● YOUR TASK: Transcribe word for word the lines below from the line with "Emprunter Comment pratiquer" through the line with "Mardi Gras Top Hat For Adults 1", ends included.

● DATA TO EXAMINE:
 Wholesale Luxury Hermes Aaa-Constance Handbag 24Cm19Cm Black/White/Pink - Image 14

...

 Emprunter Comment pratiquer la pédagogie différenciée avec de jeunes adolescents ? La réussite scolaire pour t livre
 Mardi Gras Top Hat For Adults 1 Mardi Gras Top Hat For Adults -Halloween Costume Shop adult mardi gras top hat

● TASK ANSWER:
 Emprunter Comment pratiquer la pédagogie différenciée avec de jeunes adolescents ? La réussite scolaire pour t livre
 Mardi Gras Top Hat For Adults 1 Mardi Gras Top Hat For Adults -Halloween Costume Shop adult mardi gras top hat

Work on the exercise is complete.